Chapter One.

The last Night in the Old Home.

“Which speaks the truth - fair Hope or ghastly Fear?
God knoweth, and not I.
Only, o’er both, Love holds her torch aloft,
And will, until I die.”

“Fiddle-de-dee! Do give over snuffing and snivelling and sobbing, and tell me if you want your warm petticoat in the saddle-bag. You’d make a saint for to swear!” More sobs, and one or two disjointed words, were all that came in answer. The sobbing sister, who was the younger of the pair, wore widow’s mourning, and was seated in a rocking-chair near the window of a small, but very comfortable parlour. Her complexion was pale and sallow, her person rather slightly formed, and her whole appearance that of a frail, weak little woman, who required perpetual care and shielding. The word require has two senses, and it is here used in both. She needed it, and she exacted it.

The elder sister, who stood at the parlour door, was about as unlike the younger as could well be. She was quite a head taller, rosy-cheeked, sturdily-built, and very brisk in her motions. Disjointed though her sister’s words were, she took them up at once.

“You’ll have your thrum hat, did you say? (Note 1.) Where’s the good of crying over it? You’ve got ne’er a thing to cry for.”

Another little rush of sobs replied, amid which a quick ear could detect the words “unfeeling” and “me a poor widow.”

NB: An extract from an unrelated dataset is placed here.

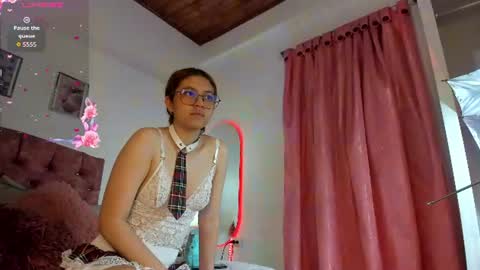 mia_nova5 online show from July 8, 2026, 12:20 pm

“Unfeeling, marry!” said the elder sister. “I’m feeling a whole warm petticoat for you. And tears won’t ward off either cramp or rheumatism, my dear—don’t think it; but a warm petticoat may. Will you have it, or no?”

“Oh, as you please!” was the answer, in a tone which might have suited arrangements for the speaker’s funeral.

“Then I please to put it in the saddle-bag,” cheerily responded the elder. “Lettice, come with me, maid. I can find thee work above in the chamber.”